Instructions to follow: Using the data below, reproduce exactly the lines from the line with "White blouse with pink hearts" to the line with "Rote Feuerwolke über", both included; pictures must be dropped.

Records for this task:
• • • • •
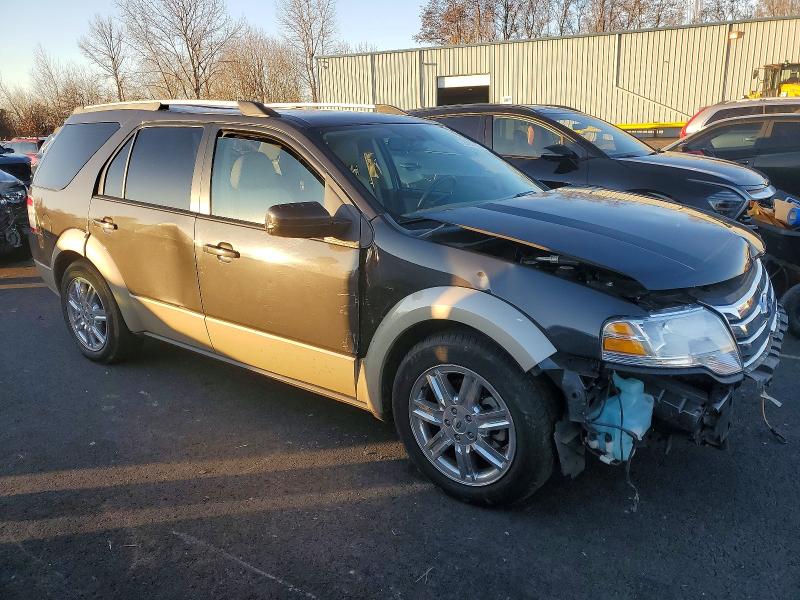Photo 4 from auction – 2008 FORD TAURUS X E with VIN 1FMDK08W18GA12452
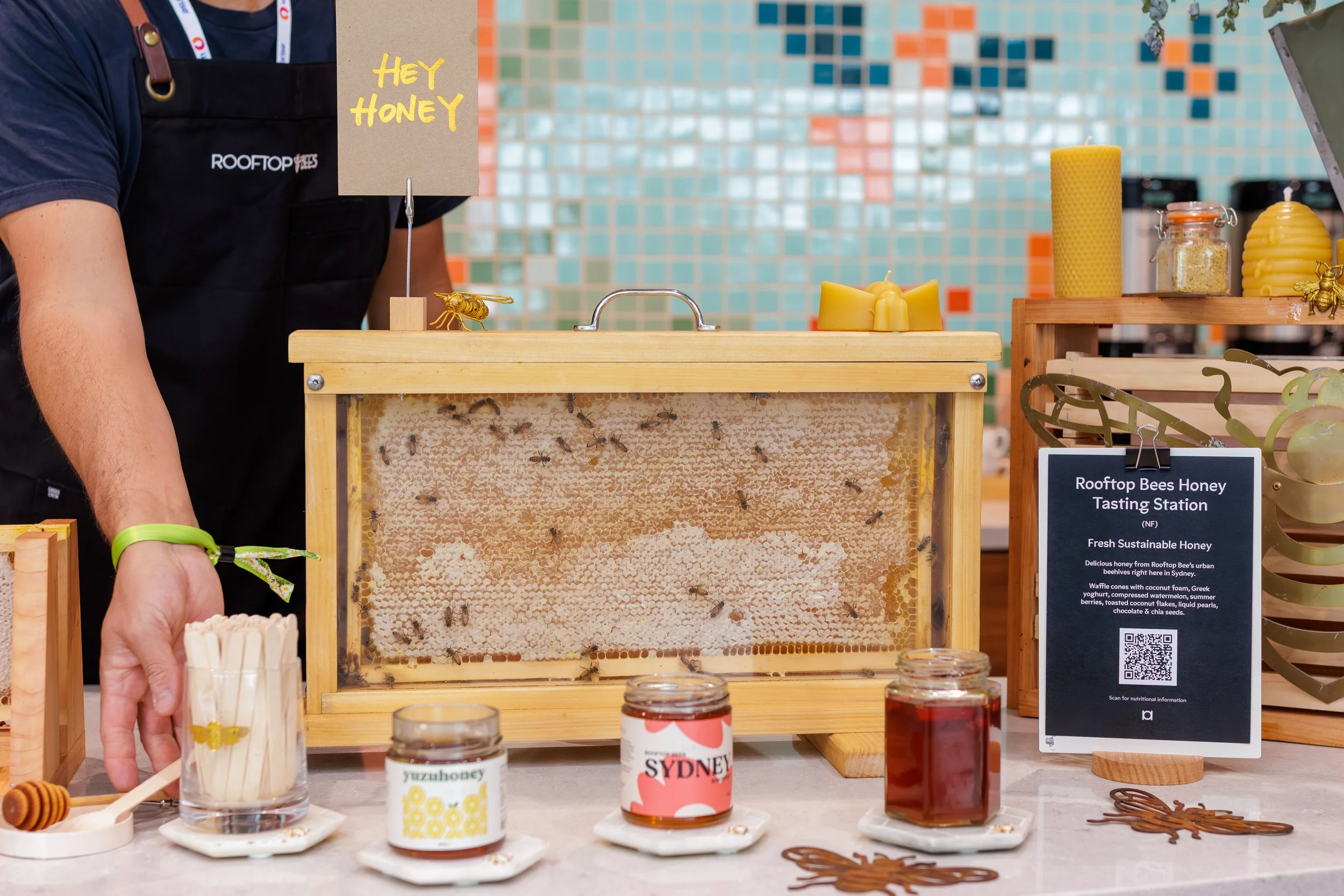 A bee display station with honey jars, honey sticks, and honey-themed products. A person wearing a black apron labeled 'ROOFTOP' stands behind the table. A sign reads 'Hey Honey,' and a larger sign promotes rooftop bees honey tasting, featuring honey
• • • • •
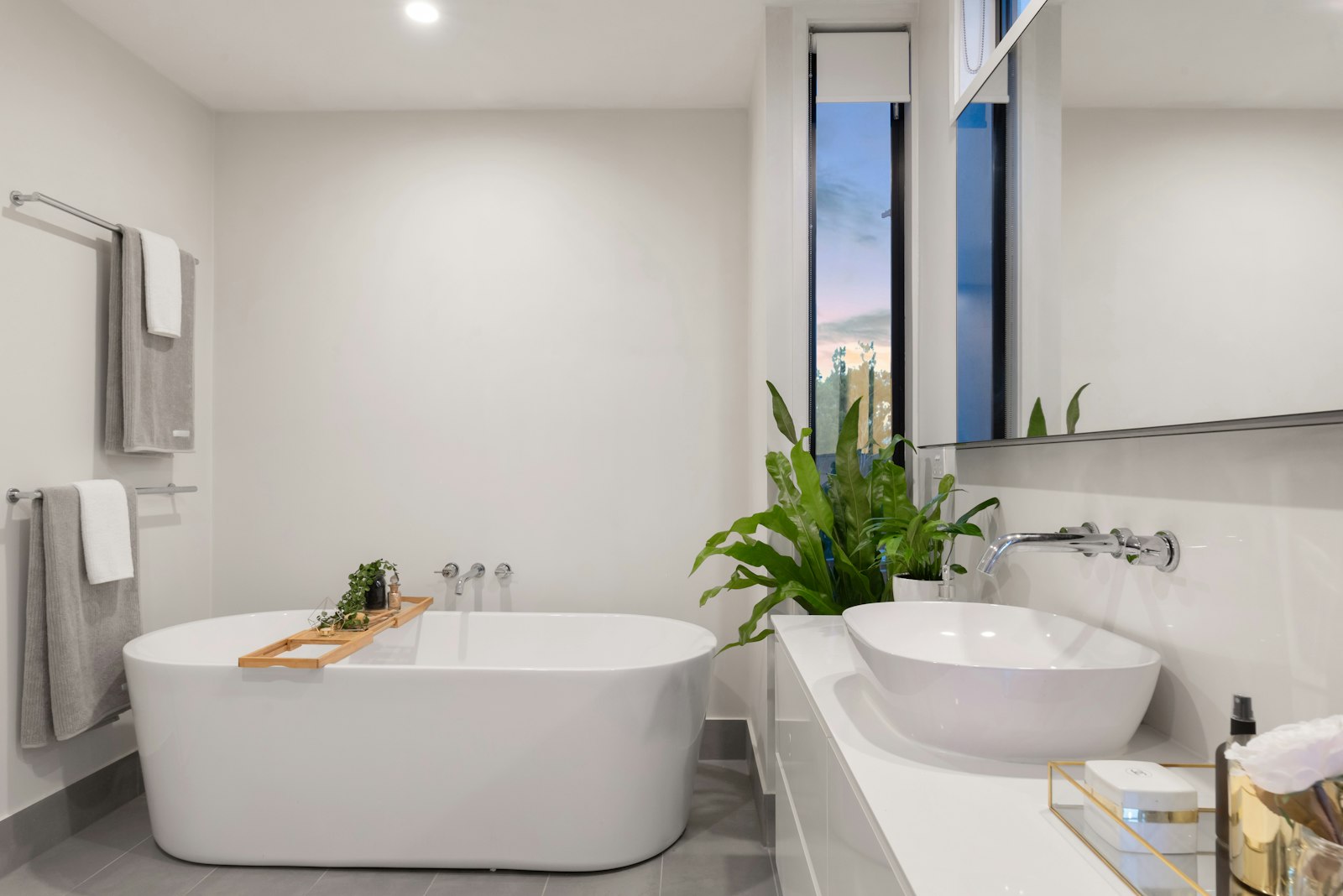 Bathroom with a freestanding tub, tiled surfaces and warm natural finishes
• • • • •
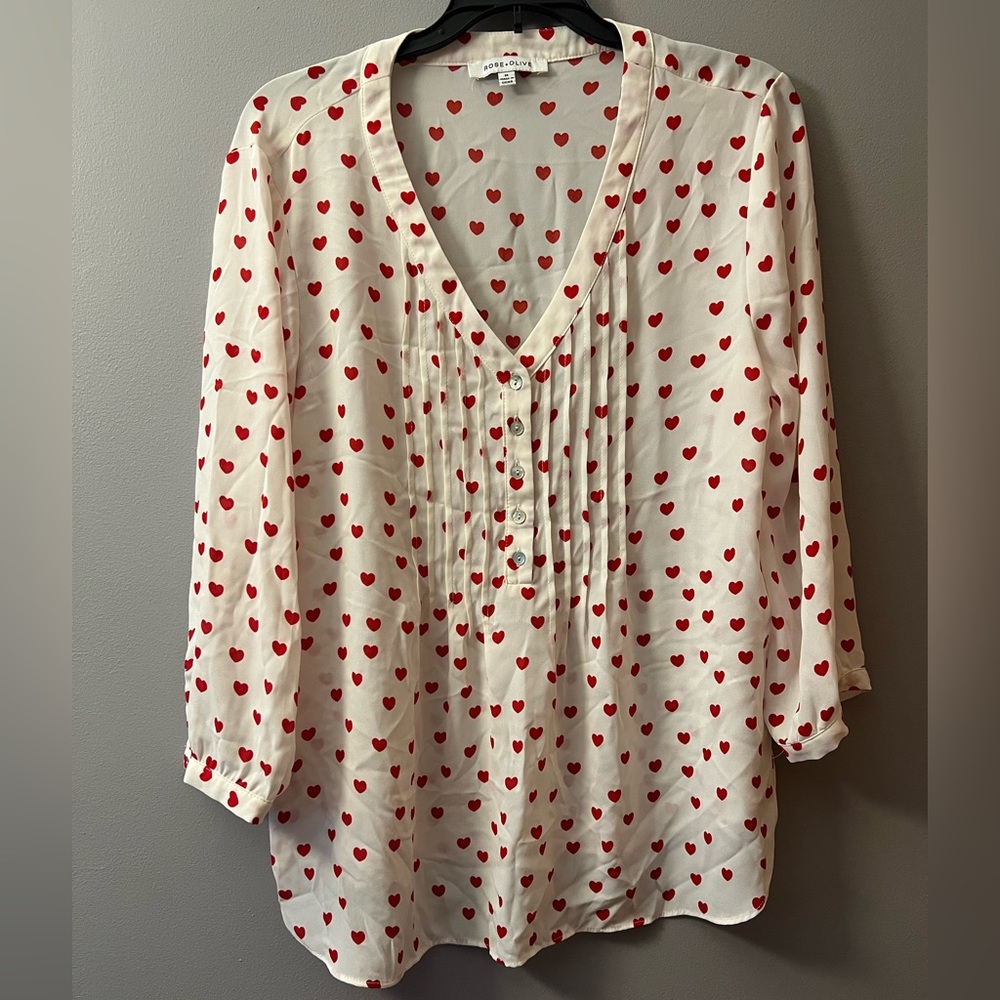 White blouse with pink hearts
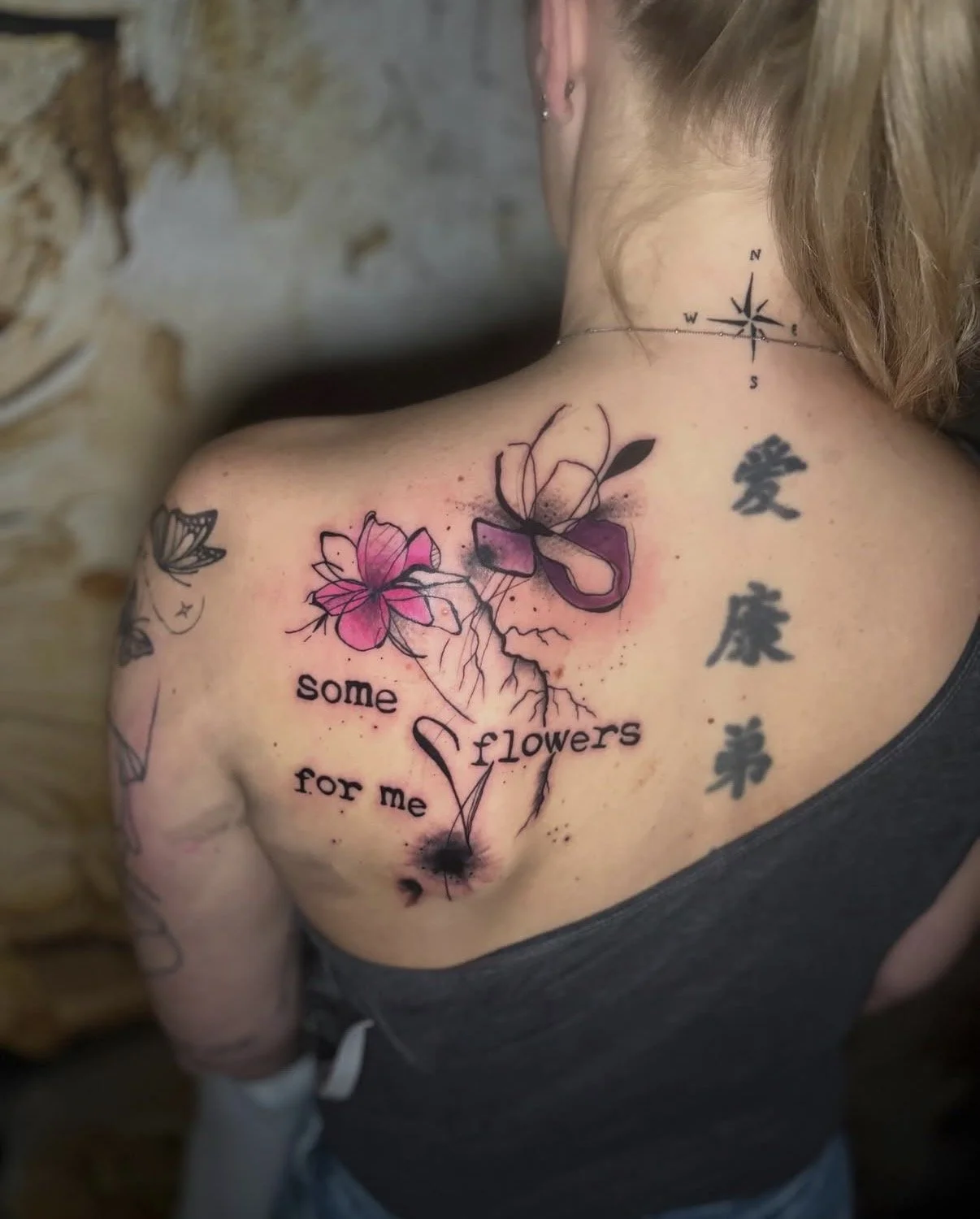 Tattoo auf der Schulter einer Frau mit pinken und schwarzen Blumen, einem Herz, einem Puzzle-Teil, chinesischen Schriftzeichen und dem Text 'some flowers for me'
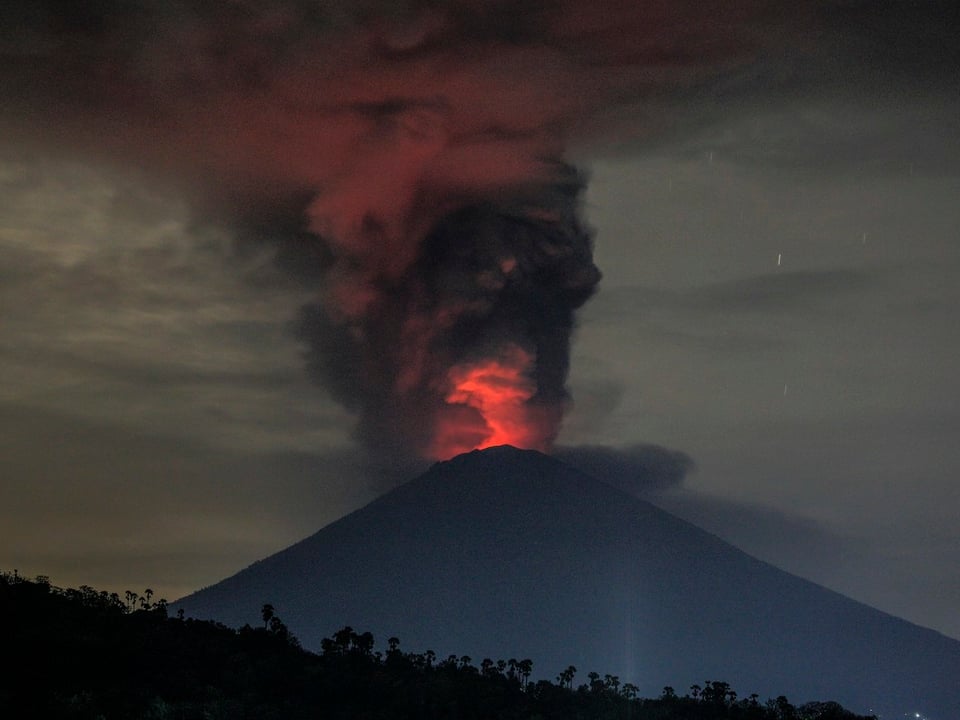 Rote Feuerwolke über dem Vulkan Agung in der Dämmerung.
• • • • •
Solution:
 White blouse with pink hearts
 Tattoo auf der Schulter einer Frau mit pinken und schwarzen Blumen, einem Herz, einem Puzzle-Teil, chinesischen Schriftzeichen und dem Text 'some flowers for me'
 Rote Feuerwolke über dem Vulkan Agung in der Dämmerung.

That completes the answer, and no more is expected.